Ogni giorno che passa, è un crescendo. Ancora insonnia resistente ai farmaci, nodi alla gola, altri disturbi fino ad arrivare al 28 maggio quando, secondo quanto risulta dal diario clinico, Francesco presenta «diverse ferite lineari in regione latero cervicale destra del collo di cui una più profonda che necessita di due punti di sutura». Dice di «aver fatto questo perché non ce la faceva più» e di «aver agito in un momento di sconforto». I medici a quel punto richiedono una «ubicazione in cella priva di suppellettili e grandissima sorveglianza fino a visita psichiatrica che si richiede con precedenza». Il 31 maggio l’equipe medica concorda per la fine dell’isolamento e quindi il rientro in sezione nella vita comune, ma – sottolineando ancora una volta – sempre con il «regime di grande sorveglianza a scopo precauzionale».

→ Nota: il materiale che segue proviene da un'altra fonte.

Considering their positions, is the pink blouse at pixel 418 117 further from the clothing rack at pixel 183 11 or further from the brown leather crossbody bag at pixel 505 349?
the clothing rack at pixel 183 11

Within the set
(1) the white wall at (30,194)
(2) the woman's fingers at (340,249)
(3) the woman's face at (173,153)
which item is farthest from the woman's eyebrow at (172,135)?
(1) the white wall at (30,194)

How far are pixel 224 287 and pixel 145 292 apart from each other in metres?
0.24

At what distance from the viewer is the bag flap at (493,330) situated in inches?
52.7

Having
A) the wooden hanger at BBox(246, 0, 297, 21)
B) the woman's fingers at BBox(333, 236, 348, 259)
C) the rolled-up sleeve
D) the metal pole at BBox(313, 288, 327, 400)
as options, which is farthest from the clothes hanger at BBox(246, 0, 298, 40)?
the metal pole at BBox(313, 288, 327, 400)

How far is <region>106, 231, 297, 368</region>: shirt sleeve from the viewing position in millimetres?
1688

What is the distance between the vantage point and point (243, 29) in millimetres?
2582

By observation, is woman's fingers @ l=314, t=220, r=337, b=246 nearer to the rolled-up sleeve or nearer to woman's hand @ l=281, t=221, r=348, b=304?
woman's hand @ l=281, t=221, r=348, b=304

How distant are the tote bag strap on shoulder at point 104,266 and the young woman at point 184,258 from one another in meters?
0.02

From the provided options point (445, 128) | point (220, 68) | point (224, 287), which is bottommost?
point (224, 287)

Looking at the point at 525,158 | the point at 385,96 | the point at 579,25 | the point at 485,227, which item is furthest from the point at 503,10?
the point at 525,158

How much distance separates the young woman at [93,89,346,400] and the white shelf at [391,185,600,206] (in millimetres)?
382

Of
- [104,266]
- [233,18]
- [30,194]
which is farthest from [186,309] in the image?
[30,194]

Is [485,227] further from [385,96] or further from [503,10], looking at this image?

"Francesco era a rischio e andava controllato"
Il dato che emerge è chiaro. Francesco, in forte crisi di tossicodipendenza e imbottito di psicofarmaci come rivelerà l’analisi del sangue, è a rischio. Per questo i medici hanno chiesto che fosse sorvegliato a vista per tutelare la sua incolumità fisica. Però arriviamo all’otto giugno del 2013 quando il ragazzo all’improvviso muore, in una cella non sua. L’altro detenuto che era con lui racconta che improvvisamente Francesco si è accasciato a terra e non ha risposto più ai richiami e lui, quindi, ha provveduto a distenderlo sul letto. A quel punto ha urlato chiedendo aiuto. Il ragazzo si è accasciato intorno alle 17, i soccorsi arrivano alle 18. Non c’è stato nulla da fare, Francesco era già morto.La denuncia presentata in procura è chiara. Il ragazzo era un soggetto ad alto rischio e per tale ragione doveva essere sottoposto a sorveglianza a vista. Così, purtroppo, non è stato. La madre testimonia che, all’ultimo colloquio, Francesco risultava notevolmente dimagrito rispetto a quando ha fatto ingresso in carcere. La salma è risultata piena di escoriazioni e lo screening biologico ha evidenziato la presenza di diversi psicofarmaci. Ricordiamo che recentemente la Corte europea di Strasburgo ha condannato l’Italia per il suicidio di un detenuto avvenuto 19 anni fa. Il motivo della condanna? Le autorità non hanno garantito il “diritto alla vita” che obbliga lo Stato non soltanto ad astenersi dal provocare la morte in maniera volontaria e irregolare, ma anche ad adottare le misure necessarie per la protezione della vita delle persone sottoposte alla sua giurisdizione. Tale obbligo sussiste, ancora di più, dal momento in cui le Autorità penitenziarie siano a conoscenza di un rischio reale. Nel caso di Francesco Smeragliuolo, gli stessi medici del carcere hanno chiesto una “grande sorveglianza” nei suoi confronti.